In fact, 1989 moved 1.29 million copies in its first week, the biggest seven-day sales of any release since 2002, according to Nielsen SoundScan. Swift, who turns 25 on Dec. 13, became the first artist to hit that 1 million-week milestone three times — breaking a record not just for women or twentysomethings, but all musicians. It was an accomplishment that she engineered, maintaining worldwide ubiquity throughout 2014 with the European and Asian legs of her $150 million-earning Red Tour, a savvy and accessible social media presence, and tireless promotion, taking on everything from TV appearances to a role as New York’s “global welcome ambassador.” And as she made the leap from country to pop, her fans stuck by her, eager to follow an idol charting her own course.
Swift asserted her freedom and influence more than ever in 2014, including moving from Nashville to New York’s chic Tribeca neighborhood and pulling her music from Spotify, which led to widespread debate over streaming and compensation for artists. She also revealed a burgeoning feminist consciousness, delivering an impassioned defense of actress Emma Watson’s speech at the United Nations about gender equality and assembling a social circle of strong young women including Lorde, Karlie Kloss and Lena Dunham. “Taylor is like this force of protective energy,” says Lorde. “She looks after everyone she knows. We’re both interested and involved in the workings of the industry. I have this thing in my head that she should do seminars — ‘Swift’s 13 Steps’ or something.”
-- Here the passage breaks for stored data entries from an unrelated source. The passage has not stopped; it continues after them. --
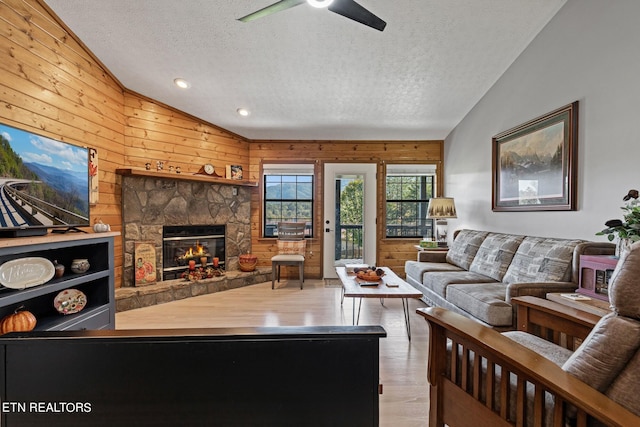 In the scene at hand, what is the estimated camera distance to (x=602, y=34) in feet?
7.77

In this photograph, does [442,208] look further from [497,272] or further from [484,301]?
[484,301]

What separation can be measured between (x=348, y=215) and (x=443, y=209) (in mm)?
1617

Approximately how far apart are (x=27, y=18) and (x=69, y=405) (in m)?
3.19

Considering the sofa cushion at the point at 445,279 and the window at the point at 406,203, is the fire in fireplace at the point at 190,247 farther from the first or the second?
the sofa cushion at the point at 445,279

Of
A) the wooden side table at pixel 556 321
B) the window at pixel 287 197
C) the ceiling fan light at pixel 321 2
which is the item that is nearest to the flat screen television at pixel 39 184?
the ceiling fan light at pixel 321 2

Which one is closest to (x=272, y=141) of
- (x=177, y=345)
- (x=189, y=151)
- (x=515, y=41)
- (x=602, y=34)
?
(x=189, y=151)

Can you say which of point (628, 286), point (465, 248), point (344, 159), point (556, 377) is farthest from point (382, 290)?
point (344, 159)

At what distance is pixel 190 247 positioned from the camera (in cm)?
447

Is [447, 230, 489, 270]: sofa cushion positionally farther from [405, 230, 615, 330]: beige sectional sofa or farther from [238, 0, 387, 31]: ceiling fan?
[238, 0, 387, 31]: ceiling fan

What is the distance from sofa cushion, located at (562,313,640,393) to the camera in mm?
909

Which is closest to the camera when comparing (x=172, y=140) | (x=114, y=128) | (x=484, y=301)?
(x=484, y=301)

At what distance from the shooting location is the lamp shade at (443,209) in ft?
14.4

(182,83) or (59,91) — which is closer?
(59,91)

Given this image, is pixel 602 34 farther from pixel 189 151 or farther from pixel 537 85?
pixel 189 151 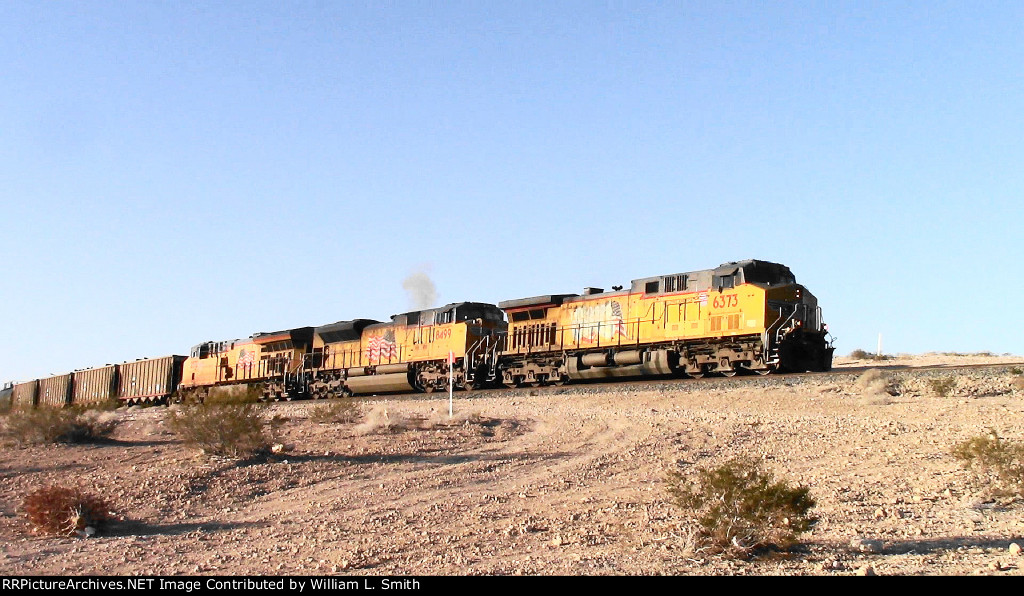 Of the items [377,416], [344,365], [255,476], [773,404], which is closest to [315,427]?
[377,416]

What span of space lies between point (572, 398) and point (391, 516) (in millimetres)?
12971

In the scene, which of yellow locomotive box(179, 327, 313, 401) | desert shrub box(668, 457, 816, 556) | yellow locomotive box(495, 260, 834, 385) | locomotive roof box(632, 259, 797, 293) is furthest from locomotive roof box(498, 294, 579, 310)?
desert shrub box(668, 457, 816, 556)

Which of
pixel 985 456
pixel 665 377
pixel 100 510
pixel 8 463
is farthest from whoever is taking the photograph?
pixel 665 377

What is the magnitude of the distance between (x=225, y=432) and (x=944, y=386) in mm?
15304

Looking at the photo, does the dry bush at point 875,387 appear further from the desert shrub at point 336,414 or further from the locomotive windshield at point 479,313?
the locomotive windshield at point 479,313

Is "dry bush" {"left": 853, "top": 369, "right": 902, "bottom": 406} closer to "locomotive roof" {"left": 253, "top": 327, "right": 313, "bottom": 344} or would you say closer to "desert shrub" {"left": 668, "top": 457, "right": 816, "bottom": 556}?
"desert shrub" {"left": 668, "top": 457, "right": 816, "bottom": 556}

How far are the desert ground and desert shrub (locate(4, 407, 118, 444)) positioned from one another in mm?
426

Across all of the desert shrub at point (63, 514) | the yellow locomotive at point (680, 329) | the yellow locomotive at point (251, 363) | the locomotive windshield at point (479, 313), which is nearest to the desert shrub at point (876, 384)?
the yellow locomotive at point (680, 329)

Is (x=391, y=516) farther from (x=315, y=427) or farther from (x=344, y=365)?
(x=344, y=365)

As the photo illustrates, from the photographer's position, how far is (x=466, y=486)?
11.7m

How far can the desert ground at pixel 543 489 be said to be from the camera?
318 inches

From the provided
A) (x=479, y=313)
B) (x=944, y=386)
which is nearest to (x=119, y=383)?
(x=479, y=313)

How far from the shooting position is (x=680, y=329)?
24.2 meters

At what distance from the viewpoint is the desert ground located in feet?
26.5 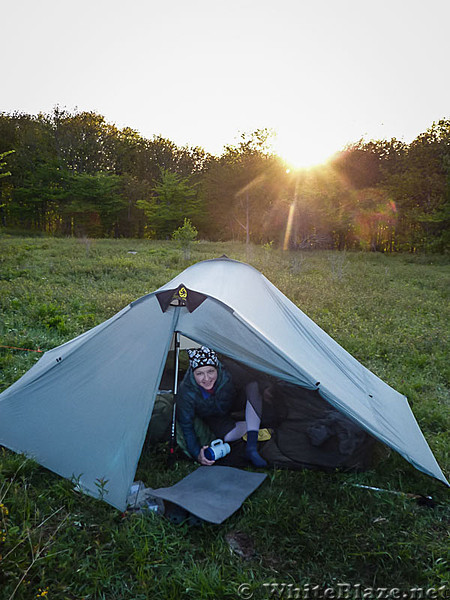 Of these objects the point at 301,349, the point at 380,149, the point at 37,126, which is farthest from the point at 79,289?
the point at 37,126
Swift was raised in Wyomissing, Pa., the daughter of Scott Kingsley Swift, a financial adviser, and Andrea Finlay, a former marketing executive. The family, including her younger brother Austin, relocated to Nashville when Swift was 14 so she could pursue her musical ambitions. “Working in those writers’ rooms,” she says, in between sips from a Starbucks cup, “writing several songs a day with several sets of collaborators, it teaches you discipline.” Since the release of her 2006 debut, Taylor Swift, she has won seven Grammy Awards and has sold more than 30 million albums and almost 80 million song downloads worldwide, according to her record company, Big Machine Label Group.
Still, given today’s music business climate, BMLG president/CEO Scott Borchetta admits that it was tough to gauge realistic expectations for 1989. “When you have the entire industry saying, ‘Well, it might only be 800,000, but that’s a great number,’ you start to question if the market could bear it,” he says. “My job is to make sure she had all the information.” And Swift’s job, of course, is to push past all that. Says Borchetta: “I learned a long time ago: Don’t ever doubt the power of Taylor Swift.”
There has been so much talk about you moving to New York, but people forget that you grew up in Pennsylvania, just a few hours away.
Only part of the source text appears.